Example 1: For \( d = 2 \, \text{in.} \), \( P_1 = 24.7 \, \text{psia} \), \( P_2 = 23.7 \, \text{psia} \), \( G = 0.60 \), \( L = 0.1894 \, \text{miles} \), flow rate in ft³/hr:
- \( Q = 33.3 \sqrt{\frac{(24.7^2 - 23.7^2) \times 2^5}{0.60 \times 0.1894}} \approx 33.3 \sqrt{\frac{(610.09 - 561.69) \times 32}{0.60 \times 0.1894}} \approx 33.3 \sqrt{\frac{48.4 \times 32}{0.11364}} \approx 33.3 \sqrt{\frac{1548.8}{0.11364}} \approx 33.3 \sqrt{13631.1} \approx 33.3 \times 116.75 \approx 3890 \)
- Since 3890 < 10000 and > 0.00001, display with 5 decimal places: \( 3890.00000 \)
Example 2: For \( d = 0.0508 \, \text{m} \), \( P_1 = 170000 \, \text{Pa} \), \( P_2 = 163000 \, \text{Pa} \), \( G = 0.60 \), \( L = 0.3048 \, \text{km} \), flow rate in m³/s:
- Convert: \( d = 0.0508 \times 39.3701 \approx 2 \, \text{in.} \)
- \( P_1 = 170000 \times 0.000145038 \approx 24.656 \, \text{psia} \)
- \( P_2 = 163000 \times 0.000145038 \approx 23.641 \, \text{psia} \)
- \( L = 0.3048 \times 0.621371 \approx 0.1894 \, \text{miles} \)
- \( Q = 33.3 \sqrt{\frac{(24.656^2 - 23.641^2) \times 2^5}{0.60 \times 0.1894}} \approx 33.3 \sqrt{\frac{(607.92 - 558.90) \times 32}{0.11364}} \approx 33.3 \sqrt{\frac{49.02 \times 32}{0.11364}} \approx 33.3 \sqrt{\frac{1568.64}{0.11364}} \approx 33.3 \sqrt{13802.9} \approx 33.3 \times 117.49 \approx 3912.5 \, \text{ft³/hr} \)
- Convert to m³/s: \( 3912.5 \times 7.86579e-6 \approx 0.03078 \)
- Since 0.03078 < 10000 and > 0.00001, display with 5 decimal places: \( 0.03078 \)
Example 3: For \( d = 1.5 \, \text{in.} \), \( P_1 = 30 \, \text{psia} \), \( P_2 = 28 \, \text{psia} \), \( G = 0.60 \), \( L = 0.5 \, \text{miles} \), flow rate in ft³/hr:
- \( Q = 33.3 \sqrt{\frac{(30^2 - 28^2) \times 1.5^5}{0.60 \times 0.5}} \approx 33.3 \sqrt{\frac{(900 - 784) \times 7.59375}{0.60 \times 0.5}} \approx 33.3 \sqrt{\frac{116 \times 7.59375}{0.3}} \approx 33.3 \sqrt{\frac{880.875}{0.3}} \approx 33.3 \sqrt{2936.25} \approx 33.3 \times 54.187 \approx 1804.4 \)
- Since 1804.4 < 10000 and > 0.00001, display with 5 decimal places: \( 1804.40000 \)

5. Frequently Asked Questions (FAQ)

Q: What does gas flow rate in the Cox formula represent?
A: Gas flow rate (\( Q \)) quantifies the volume of natural gas delivered per unit time in commercial-industrial piping systems with diameters less than 3 inches, critical for meeting demand in smaller piping applications.

Q: How can I determine the input parameters?
A: Internal diameter (\( d \)) is obtained from pipe specifications (must be <3 in.).

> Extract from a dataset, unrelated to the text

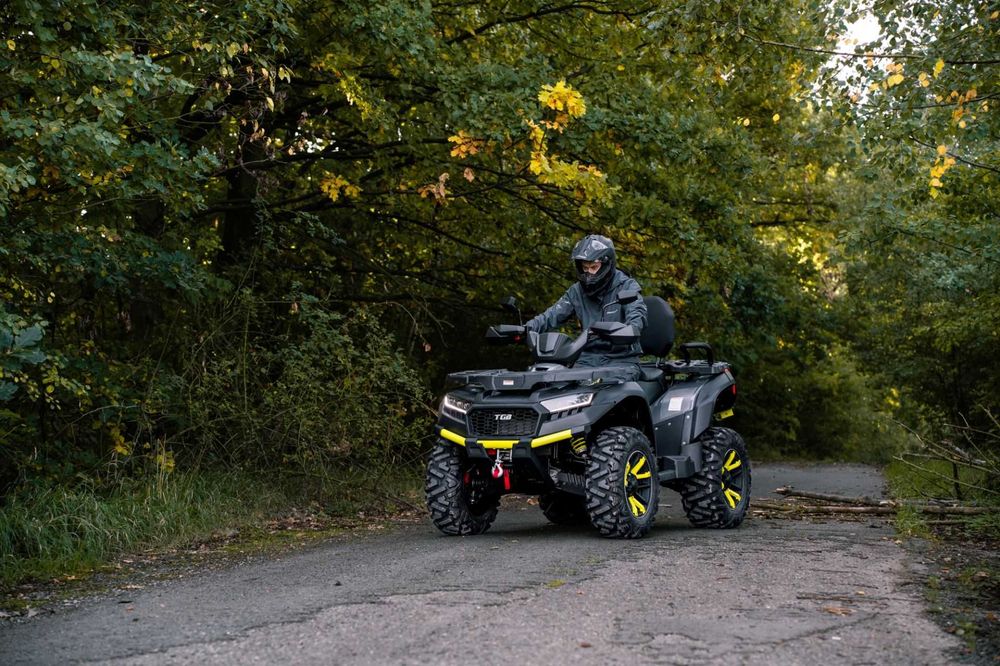 ATV Nou TGB Blade 1000 LTX MAX EPS Limited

Initial and terminal absolute pressures (\( P_1 \), \( P_2 \)) are measured or designed for the system. Specific gravity (\( G \)) is typically 0.60 for natural gas. Pipe length (\( L \)) is measured in miles or kilometers.

Q: Why is gas flow rate important in commercial-industrial gas system design?
A: It ensures pipes under 3 inches are sized to deliver sufficient gas for safe and efficient operation, optimizing system performance and cost for smaller-scale industrial or commercial applications.